The researchers manipulated myeloid cells—those that form different types of blood cells—by removing a protein engineered to pause differentiation and then adding it back at different timepoints. These cells typically take about five days to fully mature, but they found that after three days, the cells couldn’t be pushed back in their differentiation program; they had committed to their fate. Further work elucidated that this process is regulated epigenetically involving condensation of chromatin and reduced accessibility of DNA.
Blanco says such basic science findings about how differentiation works not only shed light on normal biology, but could eventually find application in regenerative medicine or cancer.
“A long-term goal of my lab is to try and get differentiation therapy to work in these other types of AML,” says Blanco. “I aim to do that by studying both the basic mechanisms of how normal myeloid cell differentiation programs work, and then taking what I learn from this and using it to help understand how this process breaks down in AML.” Taking the Cancer Discovery and Cell Reports papers together, he says, represent progress toward that goal—progress aided by his colleagues and lab members.
“Something amazing about being at Penn is how well they take care of their junior faculty,” Blanco says. “There are too many meetings and correspondence chains to cite that helped me get this project moving and helped it come to fruition.”
M. Andrés Blanco is an assistant professor in the Department of Biomedical Sciences in the University of Pennsylvania School of Veterinary Medicine.
Blanco’s coauthors on the Cancer Discovery study were Penn Vet’s Fangxue Yan, Ricardo Petroni, Janice M. Reynaga, and Joshua Rico; Penn’s Perelman School of Medicine’s Jinyang Li, Suying Liu, Salina Yuan, Yuwei Qi, Sixiang Yu, Yiman Liu, Pamela Sung, Liling Wan, Benjamin A. Garcia, and Ben Z. Stanger; Massachusetts General Hospital’s Jelena Milosevic and David B. Sykes; Fudan University’s Zhennan Shi and Fei Lan; Gunma University’s Susumu Rokudai; and Thomas Jefferson University’s Neil Palmisiano and Sara E. Meyer.
Yan, Li, and Milosevic shared first authorship and Sykes and Blanco were co-corresponding authors.
That work was supported in part by the National Institutes of Health (grants CA214849 and CA229803), the Leukemia Research Foundation, and a Blavatnik Family Fellowship.

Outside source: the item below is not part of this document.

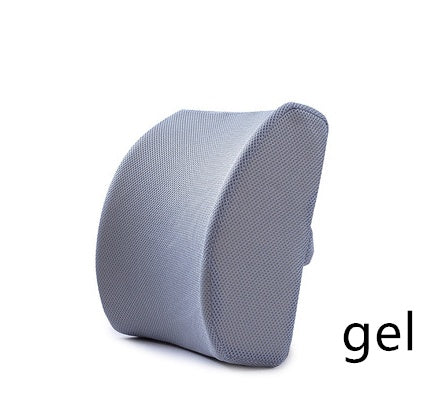 Premium Memory Foam Lumbar Support Cushion for Car & Office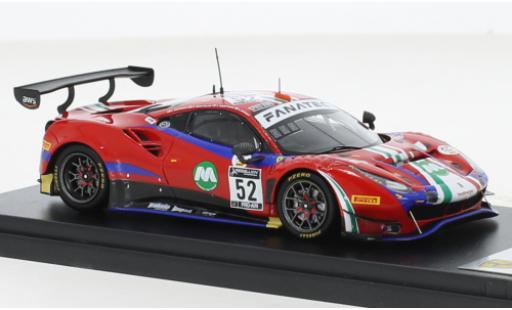 Modelauto Ferrari 488 GT3 EVO No.52 AF Corse 24h Spa 2021 1/43 Look Smart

Blanco’s coauthors on the Cell Reports study were Ricardo Petroni, Joshua Rico, and Haitao Li of Penn Vet; David B. Sykes, Konrad Hochedlinger, and David T. Scadden of Massachusetts General Hospital; Lei Gu, Mengjun Wu, William D. Jacobus, Ashwini Jambhekar, and Yang Shi of Boston Children’s Hospital; Rahul Karnik, Mathias Wawer, Alexander Meissner of the Broad Institute of MIT and Harvard; and Sihem Cheloufi of University of California, Riverside.
Blanco and Sykes were co-first authors, and Blanco was corresponding author.
The Cell Reports study was supported in part by the Leukemia & Lymphoma Society, the National Institutes of Health (grants HD058013 and GM 099117), the American Society of Hematology, the German Research Foundation, the Cardio-Pulmonary Institute, the City of Hope/UCR biomedical research initiative, UC Cancer Research Coordinating Committee, the Max Planck Society, the Samuel Waxman Cancer Research Foundation, the Samuel Waxman Cancer Research Foundation, Boston Children’s Hospital, the Harvard Epigenetics Initiative, the Ludwig Institute for Cancer Research, and the American Cancer Society.